Letters to the Editor |

Dec. 20, 2012 — [In response to “Nuclear power plant flood risk: Sandy was just a warm-up,” which cites the fact that the Nuclear Regulatory Commission’s deadline for the first stage of its post-Fukushima recommendations is not until 2017]:

Five years? I live on Long Island, where the intake pipe to the defunct Shoreham plant collapsed twice when being tested.

We were hit with Irene last year; Sandy this year. How could anyone think that it won’t be a Category 2 or 3 next year along this coast or some other? That might be an inconvenient future, but we just got [hit by a hurricane] along the Northeast Coast; shall we plan on being [hit by a tsunami] next year? In that case, no plan is as good as your plan.
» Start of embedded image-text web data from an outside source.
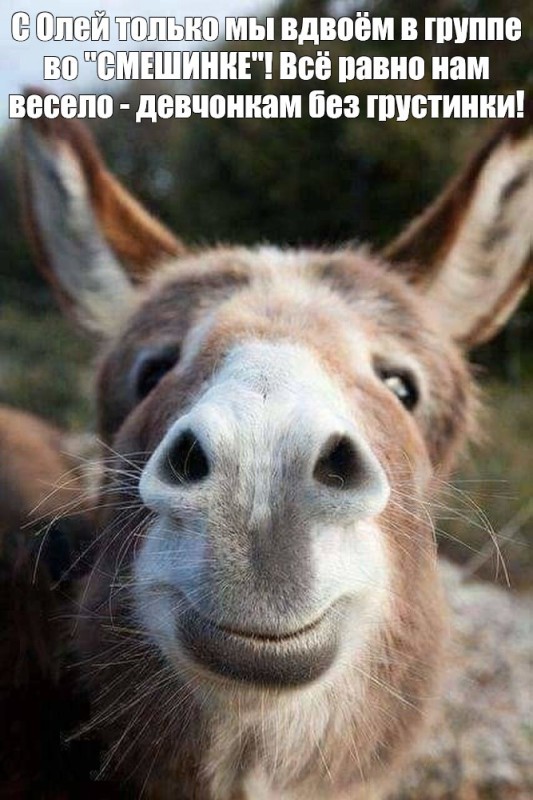Create meme: donkey , The donkey is smiling, Dear ass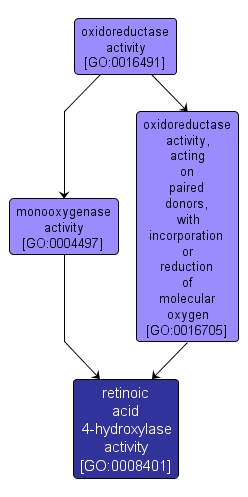 GO:0008401 - retinoic acid 4-hydroxylase activity (interactive image map)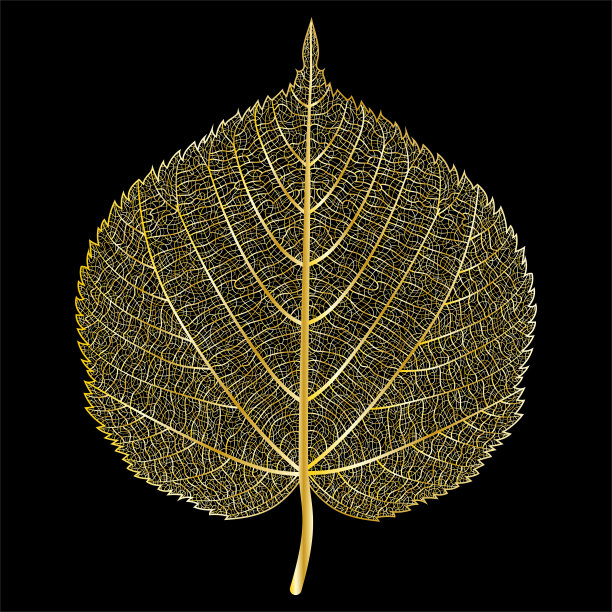 在黑色上孤立的金色叶脉。图片下载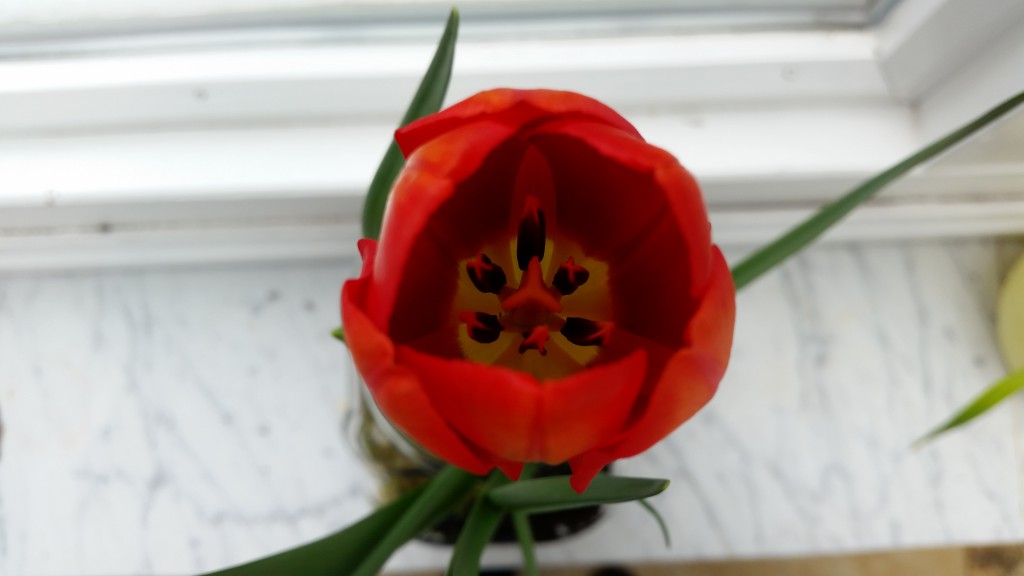 tulpe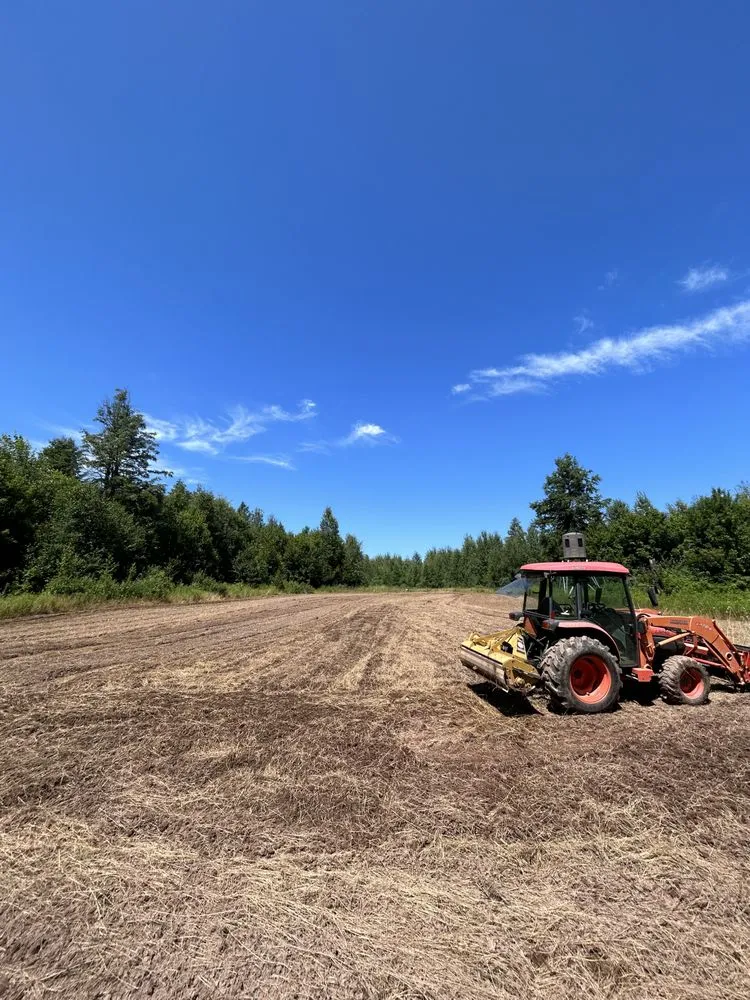 Top-rated yard maintenance for outdoor upgrades across L'Anse, MI - Northern Edge Land Management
Five years! What do people use for brains when they oversee matters as serious as this?

Fix it now!

What does anyone in the [Nuclear Regulatory Commission] say when asked: “when one reactor [undergoes a disaster similar to the Fukushima Dai-Ichi nuclear power plant] on the coast, what will we do when we have to shut down all of the other reactors of that design until they aren’t a danger? And what shall we do with the 20 million people living around me?”

There has to be a redundant pump backup power system upland (and I do mean up) that is waterproof, weatherproof, and has a buried 10-day fuel supply, as well as a buried, waterproof, and backhoe-proof conduit [connected] to sealed switchgear[s] in the reactor dome(s).

What will that cost, a [tenth of a cent] per kWh on the monthly bill? Just do it, don’t talk about it any more.

— Michael Kujawa, East Setauket, N.Y.